O Ministério Público do Estado da Bahia deflagrou, na última sexta-feira (11), a segunda fase da Operação Sangue Oculto, que investiga as circunstâncias da morte de oito pessoas durante uma ação policial ocorrida em julho de 2023, no município de Itatim. Os mandados de busca e apreensão foram cumpridos em endereços nos municípios de Itatim e Itaberaba, como parte das diligências conduzidas em conjunto com a Força Correicional Especial Integrada (Force), da Corregedoria-Geral da Secretaria da Segurança Pública, e a Corregedoria da Polícia Civil. As ordens judiciais foram cumpridas em um endereço residencial e outro profissional ligados a um policial civil investigado por suposta participação direta na idealização, planejamento e execução da operação que resultou nas mortes. Foram apreendidos um aparelho celular e outros dispositivos eletrônicos, que agora serão analisados no curso das investigações.

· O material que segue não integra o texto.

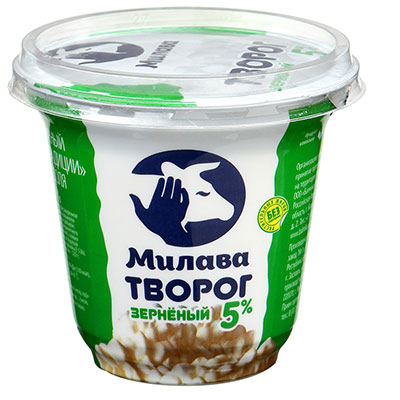 Творог Милава Зерненый 5%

A operação é um desdobramento da primeira fase da Sangue Oculto, deflagrada em 7 de junho de 2024. Na ocasião, o Ministério Público reuniu elementos de prova que apontam para o possível envolvimento do agente da Polícia Civil nas ações que culminaram com a morte de oito pessoas — entre elas, três adolescentes, sendo a mais nova com 13 anos de idade. As vítimas, seis homens e duas mulheres, morreram durante uma intervenção da Rondesp Chapada no Morro do Tigre, zona rural de Itatim, em 30 de julho de 2023. A investigação é conduzida pelo Grupo de Atuação Especial Operacional de Segurança Pública (Geosp) e pelo Grupo de Atuação Especial de Combate às Organizações Criminosas (Gaeco), órgãos especializados do MP baiano, que atuam na apuração de eventuais ilegalidades praticadas por agentes públicos durante ações de segurança.

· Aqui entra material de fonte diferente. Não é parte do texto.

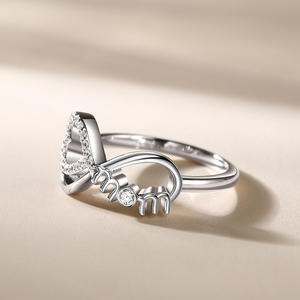 แหวนแฟชั่นเงินสเตอร์ลิงรูปหัวใจ Jeulia Infinity Love Mom - Product Image 6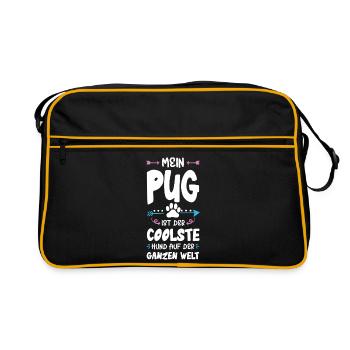 Dicton de chien carlin - Sac Retro - noir/or - Devant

Segundo o Ministério Público, a segunda fase da operação visa aprofundar as linhas investigativas que surgiram após o avanço nas análises técnicas e depoimentos colhidos desde o início do processo. A ação também reforça o compromisso das instituições com a apuração rigorosa de ações que envolvem o uso da força letal por agentes estatais, especialmente quando há suspeitas de irregularidades ou excessos. O caso segue sob sigilo judicial e, até o momento, não foram divulgados nomes dos envolvidos. As investigações continuam sob responsabilidade do MP-BA, que deve apresentar novos desdobramentos nas próximas semanas.